Sejm: Kłótnia o dochody wiceministra. Janusz Kowalski odpowiada
W Sejmie doszło do awantury o dochody Janusza Kowalskiego. Jakub Rutnicki z PO zarzucił mu, że dorobił się milionów w spółkach Skarbu Państwa, a Polakom "zafundował drożyznę". Wiceminister rolnictwa odpowiedział oskarżeniami o kradzież.
W piątek obrady Sejmu rozpoczęły się od awantury. Zanim posłowie przeszli do porządku obrad, część z nich zgłosiła się do wniosków formalnych. Jednym z mówców był wiceminister rolnictwa i polityk Suwerennej Polski Janusz Kowalski.
W swoim wystąpieniu krytykował "eurokratów", którzy jego zdaniem blokują pieniądze dla polskich rolników. Stwierdził też, że opozycja "siedzi cicho pod niemiecką miotłą" i nie reaguje.
Na to wystąpienie zareagował Jakub Rutnicki z Koalicji Obywatelskiej. Zgłosił wniosek o przerwę i domagał się informacji od Kowalskiego.
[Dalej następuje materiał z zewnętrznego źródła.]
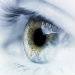 eye_pic.jpg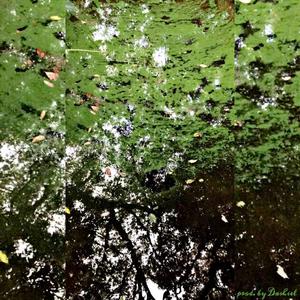 lost verse (Explicit)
- Aby stanął tutaj przed ludźmi i powiedział, ile milionów zgarniał w spółkach Skarbu Państwa. Kowalski zawsze krzyczy, o Polsce mówi, a tak naprawdę brał grube miliony, a Polakom zafundował drożyznę. To jest o was prawda obłudnicy - mówił poseł.
Najprawdopodobniej Rutnicki odniósł się do poprzednich stanowisk wiceministra. W przeszłości Kowalski zasiadał w zarządzie PGNiG, zarządzie Polskiej Wytwórni Papierów Wartościowych oraz w radach nadzorczych Poczty Polskiej i KGHM Polska Miedź.
WIDEO: Kłótnia posłów w Sejmie
Polityk Suwerennej Polski postanowił odpowiedzieć na te zarzuty. - Wy hipokryci z Platformy Obywatelskiej. Boli was to, że w 2016 roku wypalaliśmy żelazem wasze nieprawidłowości - zaczął swoje przemówienie przy krzykach z ław opozycyjnych.
"Co się śmiejesz, człowieku?"
- Boli was, że odzyskaliśmy sześć miliardów od Gazpromu, boli was to, że kradliście przez osiem lat Platformy i PSL. Spółki Skarbu Państwa dołowały. A dzisiaj? Orlen jaki wielki, PGNiG jakie wielkie. Co zrobiliście? Sprzedawaliście majątek narodowy. Co się śmiejesz człowieku? - zwrócił się Kowalski w stronę opozycji.
ZOBACZ: Awantura w Sejmie o minutę ciszy. Katarzyna Kotula: To wina posłów PiS i Konfederacji
Dalej stwierdził, że opozycja w czasach swoich rządów "rozkradała i prywatyzowała". - Nigdy do władzy nie dojdziecie, bo gdybyście doszli, wszystko byście sprzedaliście - ocenił wiceminister rolnictwa.
Posłowie, zarówno po stronie PO, jak i PiS, na awanturę kolegów parlamentarnych reagowali okrzykami i śmiechem. Po wystąpieniach marszałek Elżbieta Witek ogłosiła pięciominutową przerwę w obradach.